Com o advento da Lei Maria da Penha foi inserida no Brasil uma nova perspectiva sobre a violência doméstica e familiar contra a mulher. A árdua jornada de Maria da Penha em busca de justiça resultou em uma recomendação da Comissão Interamericana de Direitos Humanos que obrigou o Brasil adotar estratégias mais eficientes de enfrentamento a essas violências.

Devido à resistência de uma mulher cuja história simboliza o triste retrato do Brasil no tratamento dispensado às mulheres, e ao esforço coletivo de pessoas e organizações que adotaram a luta de Maria da Penha como a de todas as mulheres, foi possível trazer à tona um tema que, até então, permanecia convenientemente restrito ao âmbito privado. A questão da violência se tornou tema público e a disseminação de informação, assim como a criação de delegacias especializadas e a concessão de medidas protetivas fizeram aumentar o número de denúncias.

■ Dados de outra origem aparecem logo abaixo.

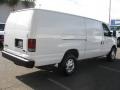 2008 Oxford White Ford E Series Van E350 Super Duty Cargo  photo #6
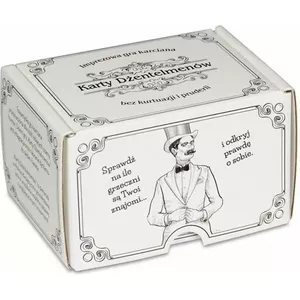 Board game Kojar Karty Dżentelmenów — Basic Edition by Kojar (MPN 234084)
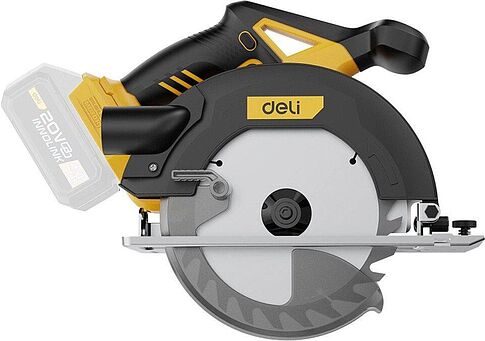 Дисковая (циркулярная) пила Deli EDC552Z (без АКБ)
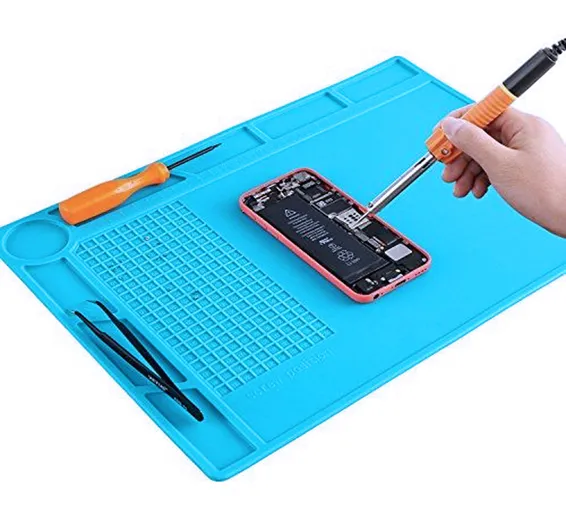Silicone Mat Soldering And Repairing Mat Silicone Mat Soldering And Repairing Mat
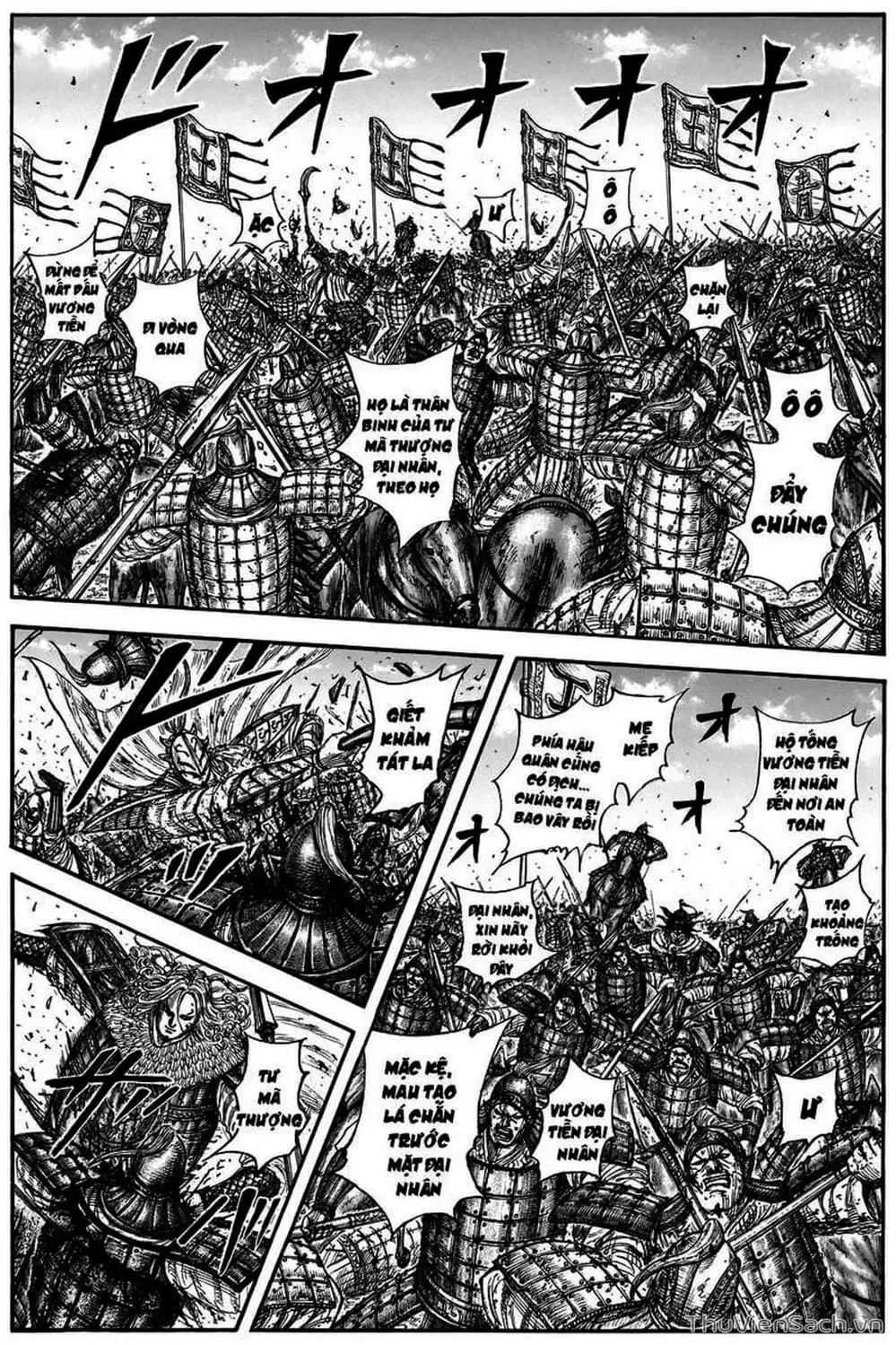 Truyện Tranh Kingdom - Vương Giả Thiên Hạ trang 4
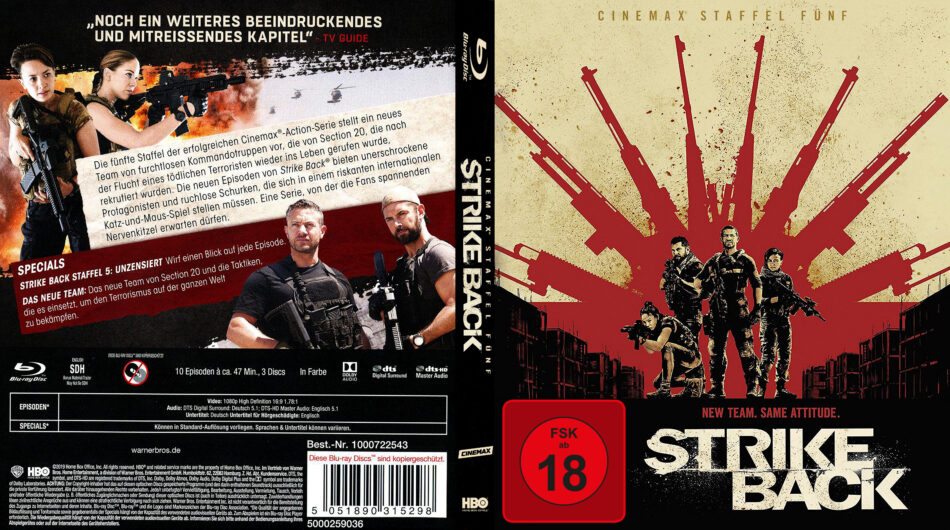 CoverCity - DVD Covers & Labels - Strike - Season 5 Troubled Blood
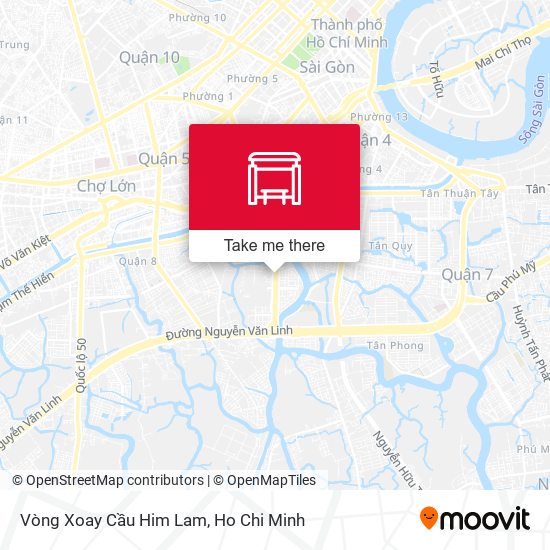 Vòng Xoay Cầu Him Lam map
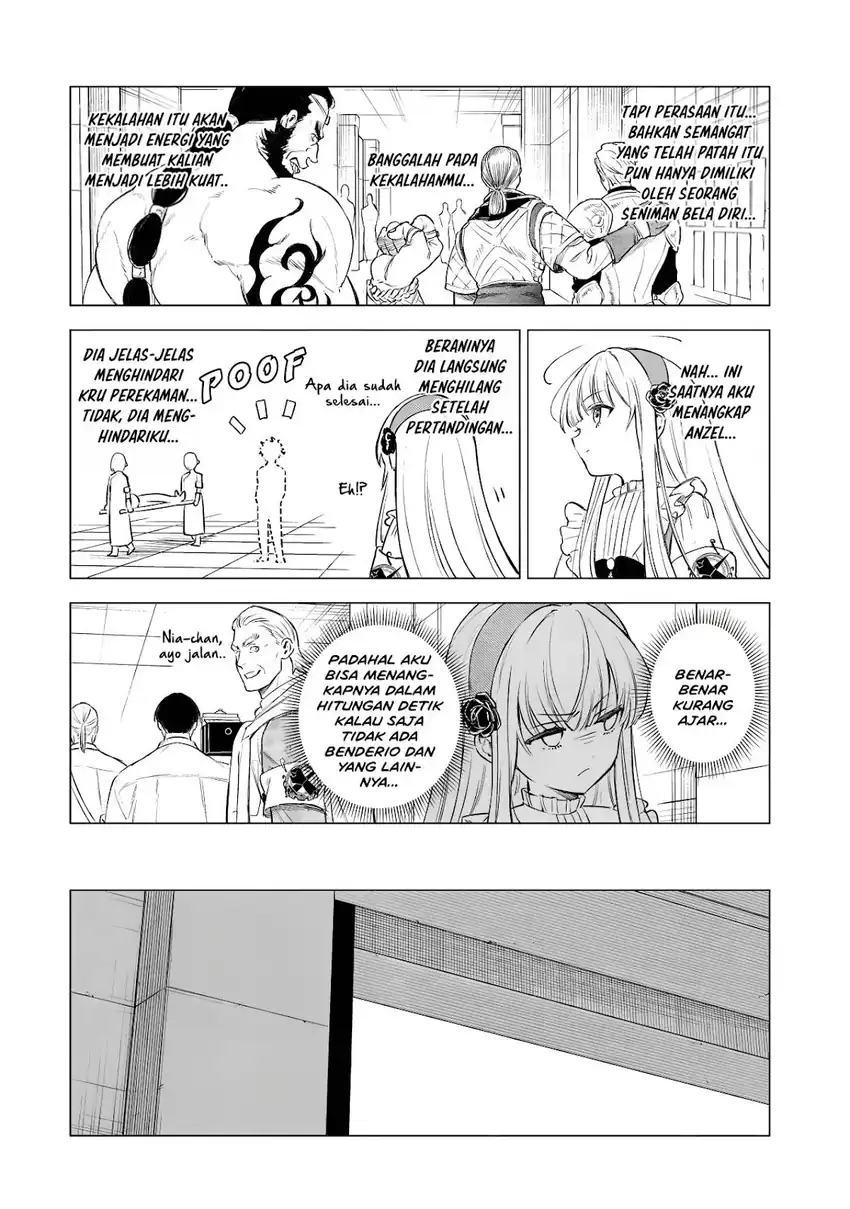 Kyouran Reijou Nia Liston – Byoujaku Reijou ni Tensei shita Kamigoroshi no Bujin no Karei Naru Musouroku Chapter 42 Gambar 17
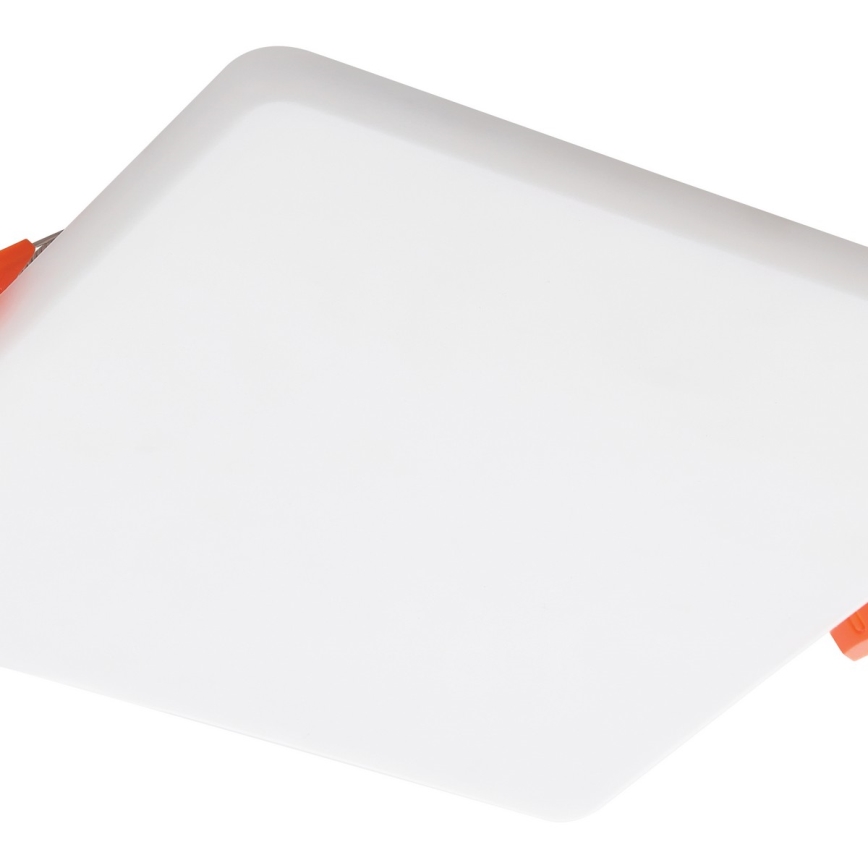 Eglo - Infälld LED badrumsbelysning LED/18W/230V 21,5x21,5 cm IP65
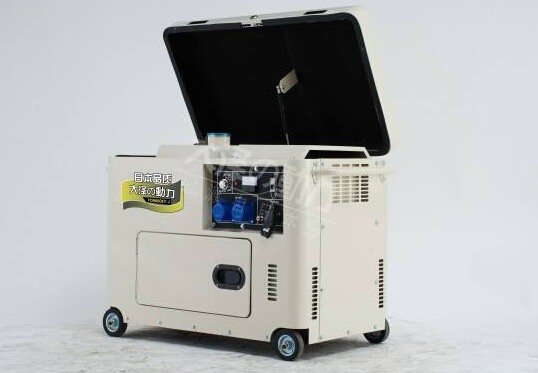 利辛科克8kw小型柴油发电机组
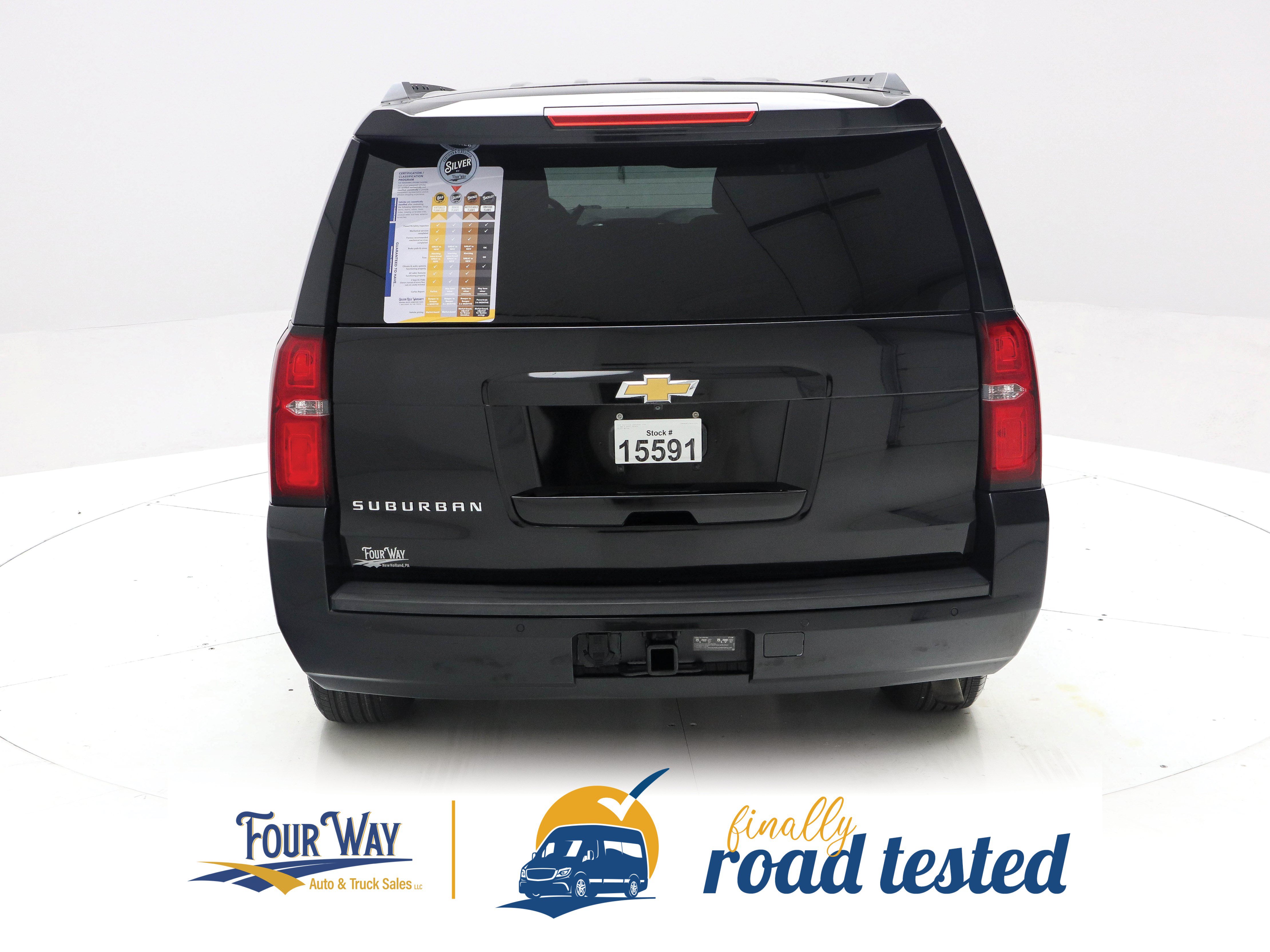 Used 2018 Chevrolet Suburban LS w/ Max Trailering Package AWD/4WD image 5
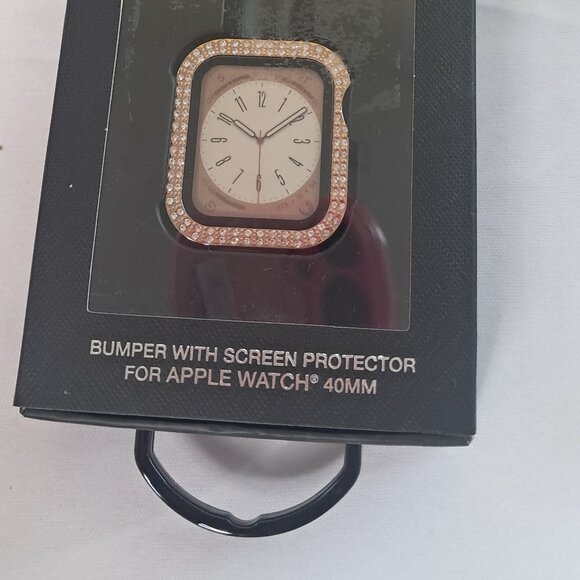 BCBGMAXAZRIA Bumper with screen protector for Apple Watch 40mm.BNWT/BOX - Picture 3 of 11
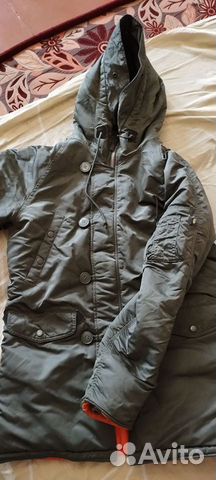 Куртка унисекс зимняя 170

Porém, ainda há muito a caminhar. As estatísticas mostram que dezoito anos após a promulgação da lei, 61% das vítimas não denunciam. É importante que valorizemos as conquistas, mas essencial que entendamos as razões que dificultam a aplicação desta lei.

Aumento do discurso misógino e violento

Todo avanço tem sua carga de retrocesso e com a promulgação da Lei Maria da Penha não foi diferente. Apesar da necessidade e dos benefícios da lei serem praticamente incontestáveis, vivemos um momento em que a intensificação do discurso misógino masculinista e a ascensão do antifeminismo são uma realidade na sociedade.

Dentre as práticas que tensionam a predominância de uma estrutura essencialista e heteropatriarcal nas divisões de papel entre masculino e feminino estão a produção de “documentários” e outros conteúdos que distorcem os fatos comprovados na ação penal que condenou o ex-marido de Maria da Penha e colocam o agressor na posição de vítima, tendência reforçada por decisões judiciais que culpabilizam mulheres e criminalizam suas tentativas de defesa.

Quando deveria ser celebrada e valorizada, Maria da Penha vive um momento em que precisa se recolher e ter sua segurança reforçada por conta de ataques e ameaças que vem sofrendo de pessoas que agem com misoginia e espalham teorias da conspiração sobre ela.

Não bastasse ter sofrido mais de vinte anos de violência praticada por seu ex-marido e pelo Estado, ainda corre risco e tem sua liberdade comprometida pela forte onda de desinformação disseminada a respeito da história que viveu e da lei que leva seu nome.

Dificuldade de implementação das políticas previstas na lei

Para além das alterações processuais penais, a Lei Maria da Penha prevê em seus dispositivos políticas públicas educativas, preventivas e de proteção e acolhimento de mulheres em situação de violência. Infelizmente, mesmo após dezoito anos de vigência, muitas dessas políticas não foram implementadas ou foram de forma insuficiente, faltam Casas da Mulher, casas-abrigo e atendimento especializado em boa parte do território nacional.

Enquanto isso, a pauta da educação de gênero nas escolas é constantemente atacada por políticos de extrema direita que tentam incansavelmente fazer o tema da violência voltar para a privacidade do lar e da família, colocando a integridade e a vida de diversas meninas e mulheres em risco.

Não basta afastar o agressor do lar e aplicar medidas penais caso a caso, é indispensável educar a população e ensinar desde a infância a importância do respeito às mulheres e alertar quanto aos riscos da adoção de discursos machistas e misóginos.